OBS 2 – A ação popular ajuizada no início de 2011 tramitou mais
rapidamente do que o inquérito e foi julgada improcedente em primeira
instância, já no final de 2011, por alegada inexistência de interesse
de agir do autor, pois não se viu naquela fase ilegalidade e lesividade
no desembolso indevido de mais de R$550 milhões e o que foi reconhecido
na segunda instância, com a decisão da Fazenda de buscar o
ressarcimento, depois que foi chamada a se explicar na Justiça na
condição de ré;
OBS 3 - Com a manutenção de improcedência da ação pelo Tribunal
de Justiça, a Fazenda Pública e os responsáveis pelo suposto prejuízo
deixaram de ser responsabilizados pessoalmente e foram isentados de
pagar sucumbência e de ressarcir supostos outros prejuízos que poderiam
ser apurados em regular liquidação de sentença, por meio da ação
popular, o que pode ser ainda reivindicado, dependendo da conclusão do
inquérito em andamento;
OBS 4 – Esclarecimento indispensável: a solução de improvimento
do apelo, adotada pela 12ª. Câmara de Direito Público do Tribunal de
Justiça, foi sugerida pelo próprio promotor Marcelo Duarte Daneluzzi,
que preside o inquérito civil que investiga possível crime de
improbidade administrativa nesse desembolso quase bilionário. No parecer
juntado aos autos da ação popular e acatado pelo Tribunal, o promotor
Marcelo Daneluzzi opinou pela “manutenção da sentença que decretou a
extinção do processo sem julgamento do mérito, por ausência de interesse
de agir, porém calcado na superveniente desnecessidade da presente ação
popular, visto que a pretensão de recomposição dos danos experimentados
com os pagamentos imprecados já é objeto de pleito no juízo próprio da
execução dos precatórios, deduzido pela legitimada ordinária”. (De não
se esquecer, todavia, que, como reconhecido pela Justiça, eles só foram
buscar a recomposição dos danos causados, no juízo da execução, depois
que denunciados e processados em ação popular que assim mesmo foi
julgada improcedente, apesar de ter atingido sua finalidade).
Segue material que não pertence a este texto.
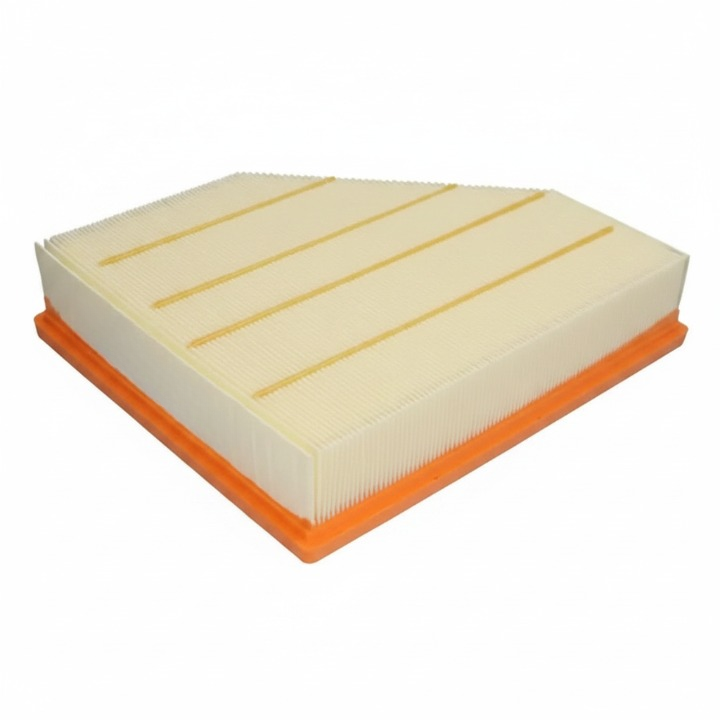 Engine Air Filter 13718635102 Compatible With BMW Z4 G29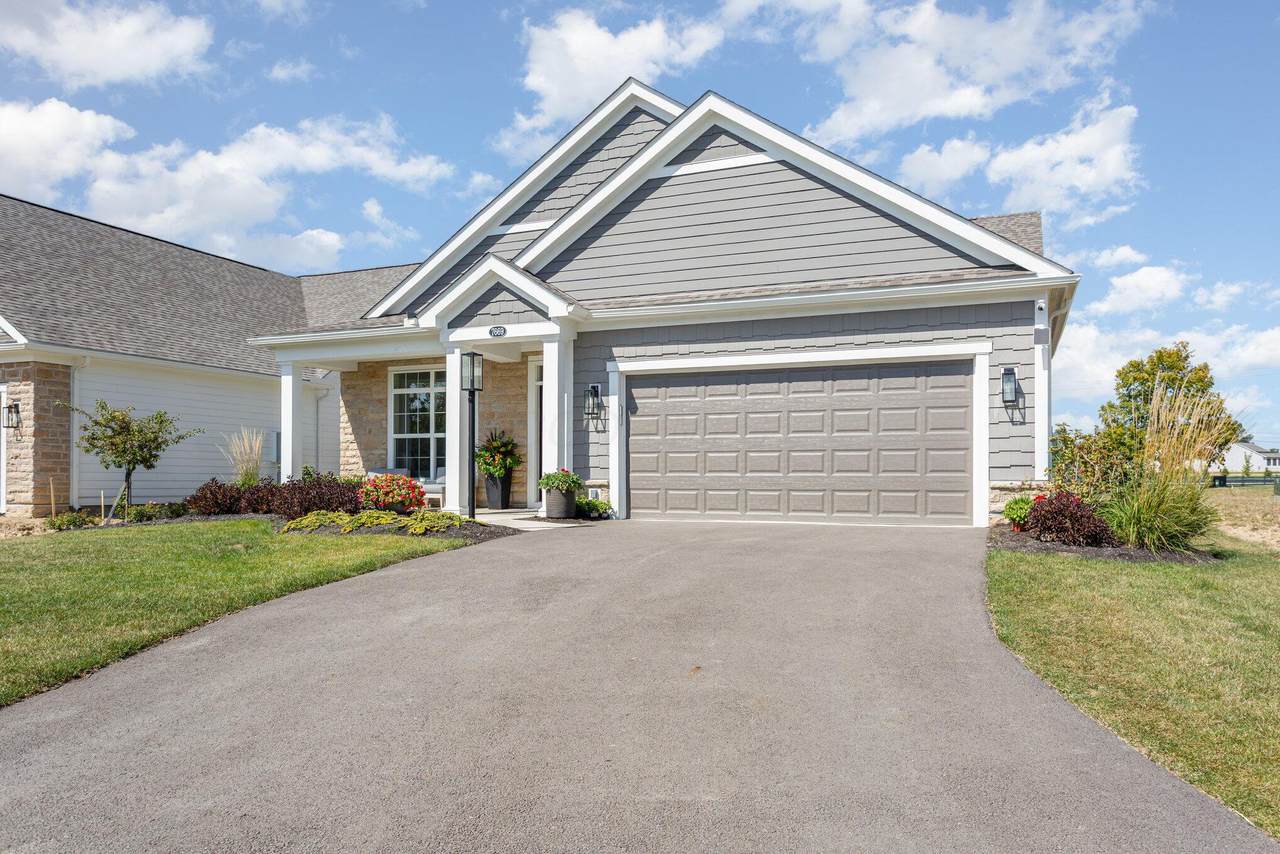 7669 Dulin Farms Drive - Photo 1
OBS 5 – Pergunta obrigatória: se a Ação Popular não tivesse sido
ajuizada por que iria a Fazenda Estadual, espontaneamente, buscar esse
quase bilionário ressarcimento no juízo da execução? Nessa linha, chama a
atenção manifestação do mesmo promotor nos autos desse mesmo processo,
quando, corajosamente, destacou também que “causa certo desconforto o
posicionamento da Fazenda do Estado de São Paulo pugnando PELA
IMPROCEDÊNCIA DA DEMANDA MESMO ANTE A PERSPECTIVA DE QUE OS PAGAMENTOS
NÃO SE COMPATIBILIZAM COM A NORMA CONSTITUCIONAL REGEDORA, deixando-se
de resguardar o erário e o postulado constitucional da justa
indenização, ao menos na presente via processual”.